Correct specification of FPs and MCPs is critical for proper synthesis results.
Designing with synchronous clocks avoids metastability issues on clock domain crossings, but it presents its own challenges when multi-cycle and false paths are involved. A multi-cycle path (MCP) occurs when a logical function requires more than one clock cycle to produce a final, stable result. The designer must ensure that the destination register does not clock until the result is ready. This typically requires an enable that does not activate until the required number of cycles have elapsed after a new value is loaded into the source register. The designer must also ensure that the logic synthesis tool does not waste time trying to cram the MCP function into a single cycle and that static timing analysis delivers accurate results.

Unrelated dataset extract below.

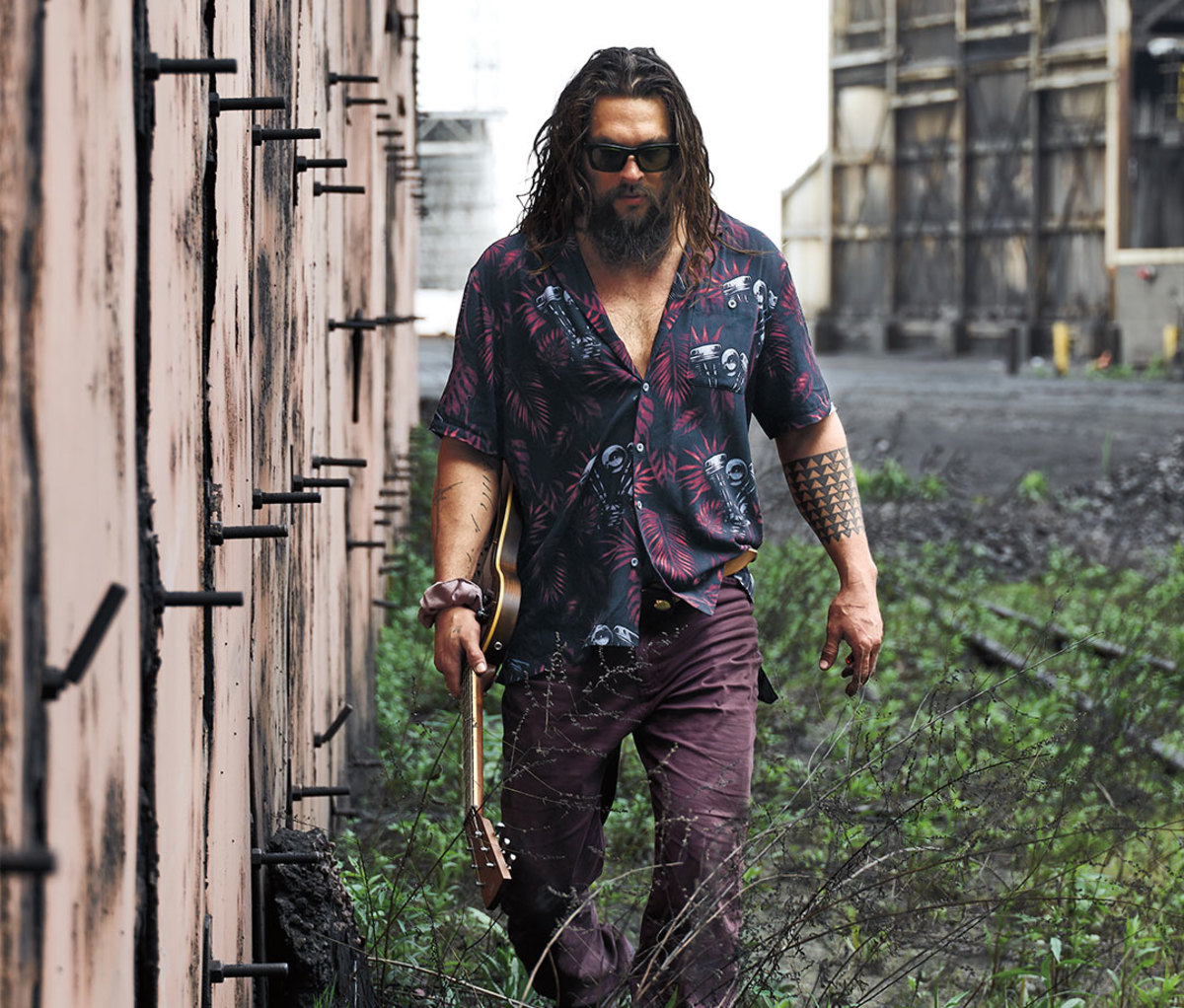 Jason Momoa walking through field with guitar in hand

A false path (FP) occurs when there is a physical path through the logic that will never be enabled during actual usage. The designer must ensure that logic synthesis and static timing analysis ignore false paths. An FP will never be exercised, so synthesis must not attempt to fix races on short paths or optimize long paths. Doing so would consume compute resources and add unnecessary logic to the design. The designer needs a simple, effective, and consistent way to communicate MCPs and FPs to all relevant tools in the design and verification flow so that the results are correct.

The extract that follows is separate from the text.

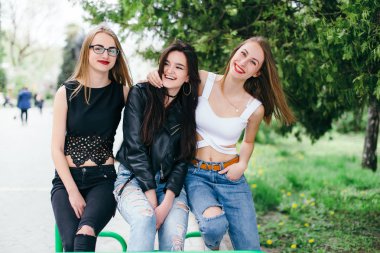 Üç kız park ile bankta oturmak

A recent blog post discussed the use of Synopsys Design Constraints (SDCs) for exactly this purpose. SDCs can specify clocks, timing, setup and hold checks, MCPs, FPs and other useful information in a single file to guide logic synthesis, static timing analysis and other steps in the development flow. The SDC syntax is straightforward and natural for the designer. For example, the constraint “set_false_path -through signal1 -through signal2” defines any path including the two specified signals as false. Any path meeting this constraint should be ignored during analysis or synthesis.
For tools to provide correct results, the SDCs provided to them must be accurate. The previous post discussed several ways to verify the constraints. The project’s register transfer level (RTL) linting solution must have SDC capabilities, so it can flag typographical errors, missing information, and references to signals and modules that are not found in the register RTL design. It is run early in the development flow, so the designer does not have to wait until logic synthesis to find SDC issues. The linting process must also generate MCP and FP properties and verify them with formal engines. If it cannot obtain a definitive formal result for some properties, it should export them to run in RTL simulation.
This approach catches additional SDC errors, but it cannot find them all due to the nature of traditional RTL simulation. Consider the MCP example of a two-cycle multiplier, specified by the “set_multicycle_path 2 -setup -from ff1* -to ff2*” constraint. The multiplication result register must not clock until the product has been computed. If the result register clocks every cycle, it will load incomplete and incorrect data for the first cycle of every two-cycle multiplication. Adding an enable to the result register ensures that it does not load a product until two cycles after new values have been loaded into the multiplicand and multiplier registers.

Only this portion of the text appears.